In the 1980s and 1990s, it was typical to pay $5-$8 a month for a checking account, which included free checks and a new-fangled ATM machine (if you happened to need your money when the bank was closed). You could even use your ATM card at “some” businesses, although most people wrote checks or spent cash. At the end of a month, you’d have spent $5-$8 in fees, whereas at the end of a week today, most of us have spent upwards of $20 in fees. That’s $80 a month.
How many of us would be okay with our bank saying, “Hey! We’d like to charge you $80 a month for your checking account (with no checks), a debit card, and reduced banking hours.” Few to none. The banking industry knew this, so they got smart. They offered rewards. They made plastic ubiquitous. They incentivized society into shifting (over a couple decades) from cash to plastic. And we began to say, “Yes, yes…let’s go cashless! It must be a good idea, right?” As we floated, small, green, and trusting in an increasingly hot pot of water.
It gets worse. As an Islander, I’m not going to tell you to give up on your Amazon habit. With ferry costs and lines, gas prices, and the awful traffic throughout much of Seattle and Tacoma, I get it. But consider this: Amazon is 100% plastic, making it a “Bank Taxes Forever Zone.” Do the math. Amazon accounts for roughly 40% of the U.S. ecommerce market (2022), and Amazon’s average daily sales revenue is $1.29 billion. That $1.29 billion in transactions results in $25,800,000 in “Bank Taxes.” Every. Day. And that’s the U.S. only.
The move to shift global economies from cash (free transactions) to digital money (transactions with fees) is not coming from a place of benevolent charity. It’s a meticulously and strategically implemented plan meant to benefit its developers and investors. And it’s working. Forty years ago, Vashon Islanders primarily paid with cash or check. Today, it’s a 90/10 split (plastic/cash).
It goes beyond everyday transactions. The Superbowl. The World Series. The NBA Finals. March Madness! Middle East Film & Comic Con. Sundance Film Festival. Montreux Jazz Festival. Online gaming? (Yikes!) Each “cashless event” adds to an ever-increasing system designed with one goal in mind: to continuously extract resources from an entire planet. Forever.

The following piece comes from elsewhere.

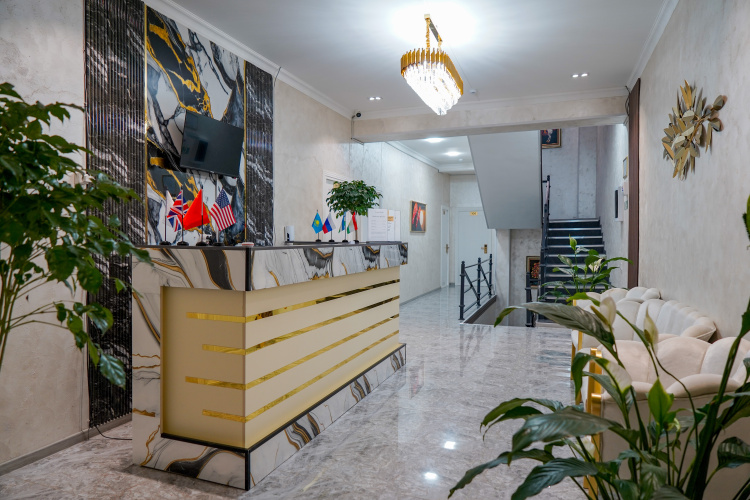 Astoria Hotel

It didn’t used to be this way. Banking had a much smaller footprint, it was far less costly, and it can be this way again. Vashon Island can become $160,000 richer – every week – simply by conducting local purchases with cash. Thankfully, there are some options for dodging “Bank Taxes” at most cashless venues. Next month, we’ll touch upon some of these.
For now, climb to the edge of the pan, look about for a green lily pad with Benjamin Franklin’s visage or (hopefully soon) Harriett Tubman – and jump!